Les anges gardiens prennent parfois des formes inattendues.

Pour l’auteur-compositeur-interprète calgarien JJ Shiplett, qui a passé les 12 dernières années de sa vie à traîner ses pénates dans le circuit des bars, son chérubin est arrivé en la personne de Johnny Reid, l’auteur-compositeur-interprète maintes fois certifié platine et qui joue à guichets fermés dans les arénas du pays.

Après avoir entendu Shiplett chanter les harmonies sur quelques chansons de Joni Delaurier, Reid lui a passé un coup de fil.

« Au début, j’ai été surpris par la voix de JJ », admet ce dernier. Deux jours plus tard, Shiplett était à Nashville et la paire commençait à travailler sur Something to Believe In, un album qui paraîtra en janvier 2017. Peu de temps après son enregistrement, Reid a invité Shiplett à partir en tournée avec lui afin d’assurer ses premières parties et plus de lui offrir un contrat de gérance auprès de son entreprise, Halo Entertainment. Dans la foulée de ce contrat, des ententes avec Warner Music Canada et eOne Music Publishing ont été conclues, et Paquin Entertainment est devenu son agence de spectacles.

« Je crois sincèrement que l’écriture de chansons doit unir les gens et les frapper en plein cœur. »

« J’ai encore beaucoup de chemin à parcourir, mais j’ai l’impression de rattraper le temps perdu, en ce moment, tu vois?? », nous dit-il depuis sa demeure de Calgary. « Je ne crois pas que je changerais quoi que ce soit, parce que c’est ce qui fait que je suis l’auteur-compositeur-interprète que je suis. Je n’ai aucun regret, et je suis heureux d’aller de l’avant. »

Autant Shiplett a impressionné Reid grâce à sa voix de ténor éraillée, autant l’artiste l’a éventuellement impressionné par son talent d’auteur-compositeur, grâce à des pièces telles que « Darling, Let’s Go Out Tonight » et « Something to Believe In ».

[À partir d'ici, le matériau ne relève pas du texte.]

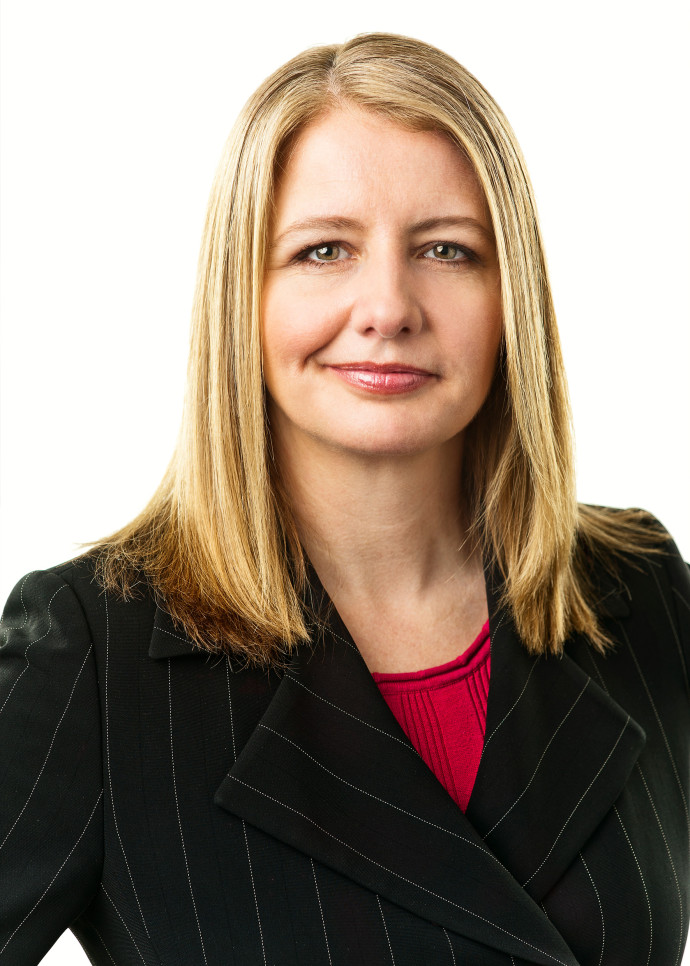 Portrait de Tamara Vrooman, CEO de l’aéroport de Vancouver, chancelière de l’université Simon Fraser, présidente du board de la Canada Infrastructure Bank.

« J’ai bâti ma carrière autour de chansons qui parlent de dévouement, de dévotion, d’admiration : c’est qui je suis », affirme Reid. « Lorsque j’ai entendu “Something to Believe In”, je me suis dit que c’est ce genre de chanson dont les gens ont besoin. Elle m’a tout de suite attiré. Il m’en a fait une version acoustique, et je pouvais entendre où j’amènerais cette chanson, avec une chorale. La toute première chanson que j’ai entendue était “Darling, Let’s Go Out Tonight”. J’en suis devenu fan sur-le-champ. Il écrit dans un style que je n’ai pas, il est très abstrait, comparativement à moi. »

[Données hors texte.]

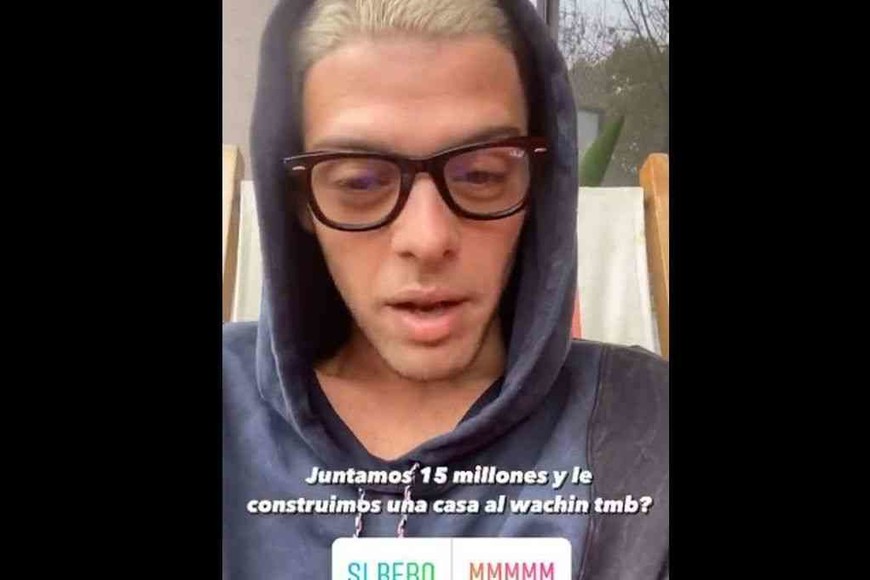 ELLITORAL_402798 |  Instagram El pedido de Santi Maratea para ayudar al joven que corta el pelo a cambio de materiales para construir su casa.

Mais au-delà de la progression fulgurante de sa carrière, l’écriture de Shiplett n’a pas changé. « Ce que je fais, d’habitude, c’est d’écrire une chanson jusqu’à un certain point », explique le multi-instrumentiste dont le talent musical a été encouragé par ses parents. « Ce point, c’est lorsque j’ai une bonne ébauche de sa structure et de ses arrangements. Mais pour moi, la création de chansons n’est pas une chose sacrée. J’ai quelques amis avec qui je travaille depuis des années et je leur présente cette ébauche et je leur dis “Voici un squelette, tu peux m’aider à mettre un peu de viande autour de l’os??” »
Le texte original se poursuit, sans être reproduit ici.